DATA EXTRACT:
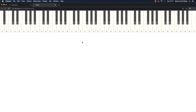In the last video we placed note names on the different keys of the keyboard. Maybe it was a little bit of a mess, but I hope you understood everything and got from it what I wanted you to get from it.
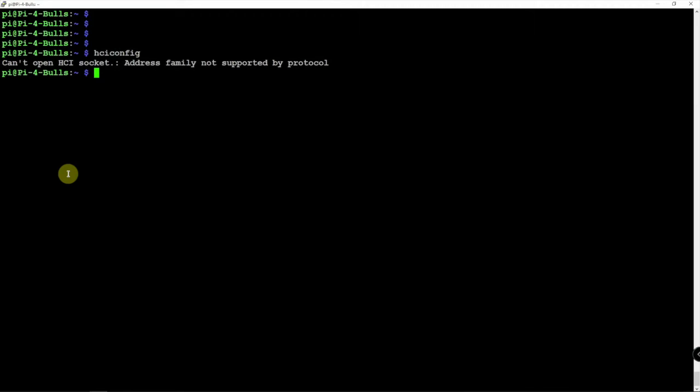Hopefully this helps out to disable the Bluetooth from starting up on boot. I'll leave a link in the description to my website for these commands.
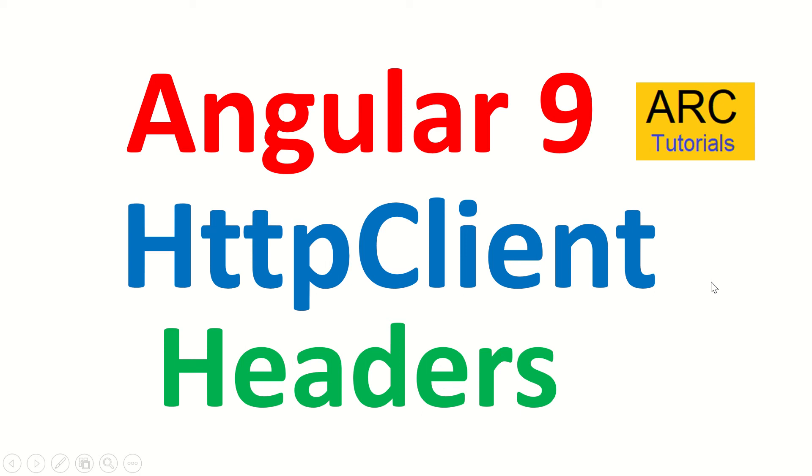Hi friends, welcome back to our tutorials. We are continuing with our Angular 9 full tutorial series and in today's episode we are going to learn all about HTTP client headers.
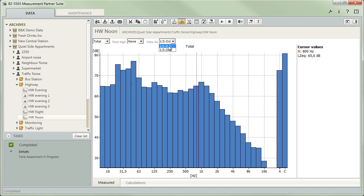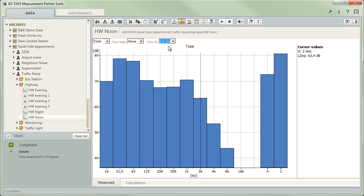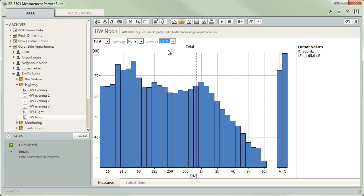Selecting the octave option makes data only temporarily available in this new format. The original information is reserved and will be displayed as soon as you switch back to the third octave band display.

WHAT THE TASK REQUIRES: Copy the material shown above in full and exactly. Skip the pictures.

TASK OUTPUT:
In the last video we placed note names on the different keys of the keyboard. Maybe it was a little bit of a mess, but I hope you understood everything and got from it what I wanted you to get from it.
Hopefully this helps out to disable the Bluetooth from starting up on boot. I'll leave a link in the description to my website for these commands.
Hi friends, welcome back to our tutorials. We are continuing with our Angular 9 full tutorial series and in today's episode we are going to learn all about HTTP client headers.
Selecting the octave option makes data only temporarily available in this new format. The original information is reserved and will be displayed as soon as you switch back to the third octave band display.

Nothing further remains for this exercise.